Music is the focus of this handset, although it is missing the all important 3.5mm headset. The camera is a miserly two megapixels, but on a budget handset its hard to expect much more.
Despite lacking the ability to use your own headphones, the speakers performed admirably well.
Battery life was good.
As a low-end music phone the Sony Ericcson W395 definitely has strong youth appeal. It’s a nice little handset for an equally appealing price.
Review by Sunetra Chakravati,12/12/2011 3:56:03 PM
Look and feel
Ease of use
Great size, cute speakers.
No 3.5mm headphone jack and no 3G.
The W, you’ll know, stands for Walkman. So it’s a music phone, obviously, and therefore we can ignore the fact that this budget-priced phone has a basic, two-megapixel camera with no flash or even a self-portrait mirror. It’s the music that matters, right?
So why doesn’t the phone have the one thing that’s essential for a music player – a 3.5mm headphone jack? Or even, come to that, an adaptor so you can plug in your favourite headphones? That said, it’s not quite unforgivable, as the W395 comes with Sony Ericsson’s in-ear ‘phones that are actually surprisingly good.
When you take into account that the handset is designed for music playback through the on-board speakers, and combine that with its affordable price tag, things really do start to look quite rosy. And to top it off, the loudspeaker sound quality really isn’t bad.
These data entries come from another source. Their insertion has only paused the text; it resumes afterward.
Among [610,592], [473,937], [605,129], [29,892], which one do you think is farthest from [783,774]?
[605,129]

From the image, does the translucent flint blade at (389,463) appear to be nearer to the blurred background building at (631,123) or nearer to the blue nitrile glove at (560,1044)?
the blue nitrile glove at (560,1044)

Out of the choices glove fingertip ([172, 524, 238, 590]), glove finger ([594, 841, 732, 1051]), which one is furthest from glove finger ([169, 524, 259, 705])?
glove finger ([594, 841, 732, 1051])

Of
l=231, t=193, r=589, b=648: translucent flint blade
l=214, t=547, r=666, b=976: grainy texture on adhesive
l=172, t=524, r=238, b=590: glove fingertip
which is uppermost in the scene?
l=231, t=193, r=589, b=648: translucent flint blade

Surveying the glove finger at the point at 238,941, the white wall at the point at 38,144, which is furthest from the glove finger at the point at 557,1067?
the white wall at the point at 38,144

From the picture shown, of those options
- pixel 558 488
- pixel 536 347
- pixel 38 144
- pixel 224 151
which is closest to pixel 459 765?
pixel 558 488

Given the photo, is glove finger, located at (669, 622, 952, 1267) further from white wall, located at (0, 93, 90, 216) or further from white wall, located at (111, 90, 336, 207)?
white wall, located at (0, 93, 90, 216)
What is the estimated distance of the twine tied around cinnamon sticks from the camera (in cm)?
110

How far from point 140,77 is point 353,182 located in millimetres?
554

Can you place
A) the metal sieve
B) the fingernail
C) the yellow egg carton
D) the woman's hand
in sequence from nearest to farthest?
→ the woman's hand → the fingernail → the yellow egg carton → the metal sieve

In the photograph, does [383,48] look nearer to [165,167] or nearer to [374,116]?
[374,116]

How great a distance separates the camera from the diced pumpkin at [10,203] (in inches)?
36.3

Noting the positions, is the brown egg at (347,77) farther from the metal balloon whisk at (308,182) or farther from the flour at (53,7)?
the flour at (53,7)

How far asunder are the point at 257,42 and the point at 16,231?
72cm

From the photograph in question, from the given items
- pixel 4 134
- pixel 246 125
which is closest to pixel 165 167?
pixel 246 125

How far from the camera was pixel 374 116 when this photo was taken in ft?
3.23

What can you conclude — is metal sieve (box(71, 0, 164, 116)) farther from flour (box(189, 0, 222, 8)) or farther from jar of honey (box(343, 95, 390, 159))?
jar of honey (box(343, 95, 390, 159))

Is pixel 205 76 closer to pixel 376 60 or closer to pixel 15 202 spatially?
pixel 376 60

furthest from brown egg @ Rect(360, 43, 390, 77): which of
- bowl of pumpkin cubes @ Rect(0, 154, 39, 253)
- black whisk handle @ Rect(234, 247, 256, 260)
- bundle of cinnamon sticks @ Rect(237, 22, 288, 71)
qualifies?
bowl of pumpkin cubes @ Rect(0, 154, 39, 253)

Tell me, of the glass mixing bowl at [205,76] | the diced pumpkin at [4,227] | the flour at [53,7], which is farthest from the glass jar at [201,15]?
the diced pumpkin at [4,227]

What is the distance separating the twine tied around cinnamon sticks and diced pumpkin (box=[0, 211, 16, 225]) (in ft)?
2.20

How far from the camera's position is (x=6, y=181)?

The little speakers on the back of the phone may not look much, but they’re loud and reasonably bassy, and though the stereo widening feature isn’t hugely noticeable, the overall effect is decent and, well, fun.
This is not, then, an audiophile’s phone but for the youth market it’s squarely aimed at, there’s a logic to having something loud enough to share – it’s a sociable phone, though at top volume you may feel it’s rather unsociable, especially if you’re sitting next to it on the bus.
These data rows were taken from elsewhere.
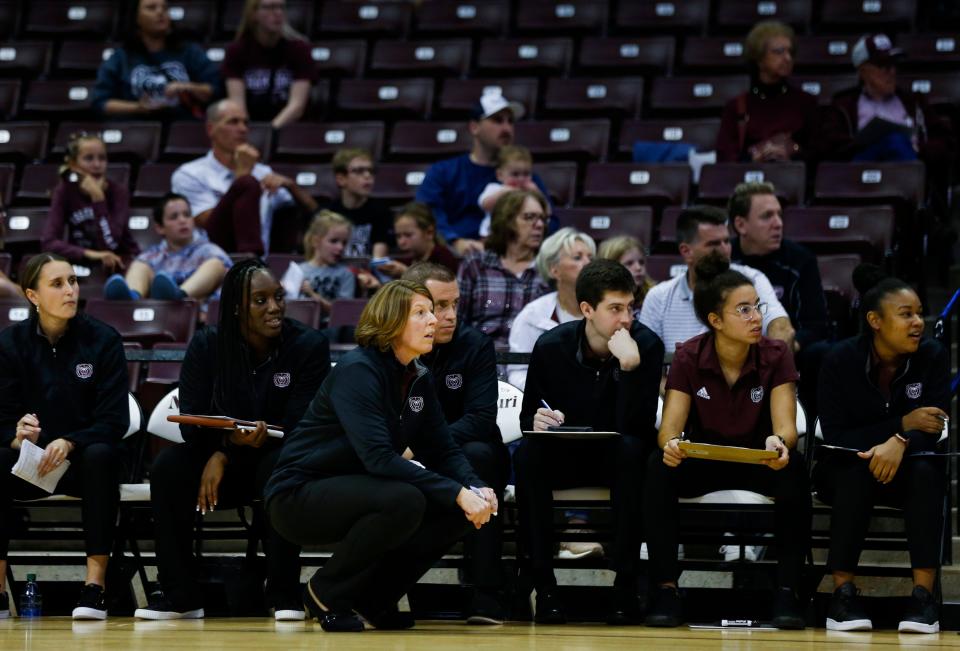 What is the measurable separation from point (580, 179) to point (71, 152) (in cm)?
297

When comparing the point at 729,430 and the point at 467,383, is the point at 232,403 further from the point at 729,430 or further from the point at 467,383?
the point at 729,430

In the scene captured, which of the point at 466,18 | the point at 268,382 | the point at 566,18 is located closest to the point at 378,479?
the point at 268,382

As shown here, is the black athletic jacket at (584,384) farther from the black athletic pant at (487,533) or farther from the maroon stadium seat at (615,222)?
the maroon stadium seat at (615,222)

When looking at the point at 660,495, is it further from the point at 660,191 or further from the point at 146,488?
the point at 660,191

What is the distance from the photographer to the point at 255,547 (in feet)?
16.9

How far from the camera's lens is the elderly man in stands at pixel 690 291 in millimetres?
5906

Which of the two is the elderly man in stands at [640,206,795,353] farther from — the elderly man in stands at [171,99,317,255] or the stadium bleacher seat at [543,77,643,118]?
the stadium bleacher seat at [543,77,643,118]

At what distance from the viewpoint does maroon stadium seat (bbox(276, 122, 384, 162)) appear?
361 inches

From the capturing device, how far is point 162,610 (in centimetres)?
495

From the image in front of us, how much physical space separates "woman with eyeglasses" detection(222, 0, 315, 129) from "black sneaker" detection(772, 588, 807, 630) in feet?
18.6

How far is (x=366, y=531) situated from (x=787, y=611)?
139 centimetres

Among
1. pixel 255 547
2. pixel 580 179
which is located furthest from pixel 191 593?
pixel 580 179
It’s a neatly sized and effectively designed handset, from the dark casing with gloss front and matt back to the picked out purple Walkman logo and edging to the circular direction pad. This pad has a button in the centre to confirm selections and it works well – it’s hard to mis-press or incorrectly direct your energy, unlike some navigation set-ups.
The slide mechanism is smooth and the phone feels good when the keypad is hidden or on display, though the keys are not distinct enough for my liking, so dialling isn’t faultless.
The shape works well for its speaker-focused credentials, so the phone balances happily on its side whether the chassis is slid open or closed. There’s an FM radio on board and although you need the headphones plugged in to act as the radio’s antenna, you can opt to switch the speaker on once you’ve done that.
It does also have Track ID, the Sony Ericsson song recogniser that is efficient, simple and pleasingly effective, and the final clever use of the microphone is for Memo recording, for saving snippets of sound of up to 30 seconds.
That’s not the end of the multimedia capabilities – along with video recording there’s a video player hidden under the Entertainment icon in the menu. The four video clips supplied are squarely aimed at the youth market, too.
That basic two-megapixel snapper at least springs into life very quickly – again, unlike some camera phones. Shutter lag was unexceptional for a camera phone – not great but not unbearable.
Overall, the Sony Ericsson W395 is a dinky handset that’s going to appeal to the youth market that the manufacturer has aimed it at.
Its lack of advanced features such as GPS, a whizz-bang camera or even 3G connectivity or speedy data transfer doesn’t matter because it’s cheap, cute and fun. But a proper headphone connector really wouldn’t have gone amiss.